Lemon Herb Pasta Salad with Marinated Chickpeas
A super fresh, super summery Lemon Herb Pasta Salad! Packed with tangy marinated chickpeas, chewy pasta, lots of herbs and garlic, lemon juice and olive oil, and a handful of parmesan to top it off.
Consider this your weekly (daily?) reminder that really delicious food does not need to be complicated.
The basics – garlic, lemon, herbs, olive oil – are prepared to deliver.
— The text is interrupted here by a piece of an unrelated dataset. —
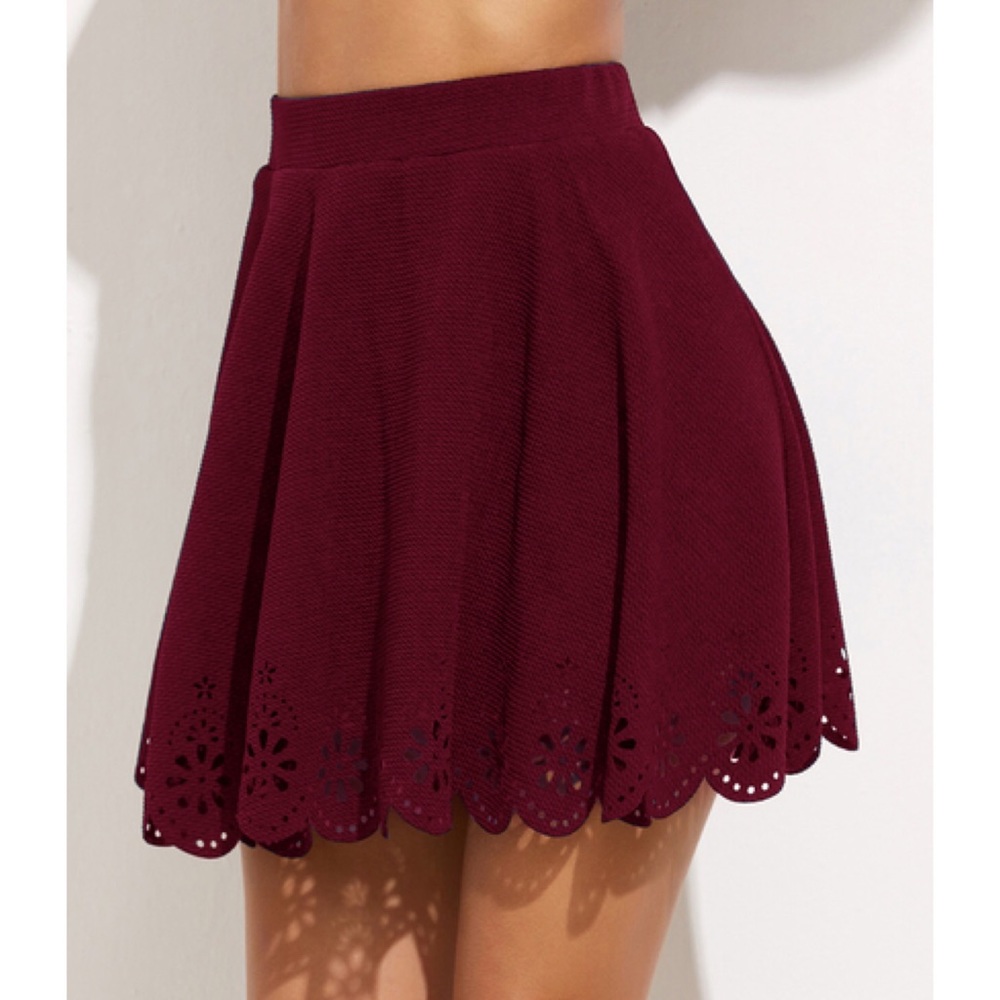 NWT Maroon Laser Cut Floral Scallop Skirt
They are usually somewhere in the pantry or fridge, and they are always going to serve us well.
I give you Exhibit A: The Lemon Herb Pasta Salad with Marinated Chickpeas which involves deliciously squishy pasta coated in a silky “sauce” of olive oil and lemon juice, tossed with chickpeas that have been soaking in a flavor bath of fresh garlic and herbs and such, and finished with more herbs and lots of salt and pepper and some Parmesan cheese. Is it good warm? Is it good cold? Is it good as a side or a main or a… snack? The answer to all of the above is Y-E-S.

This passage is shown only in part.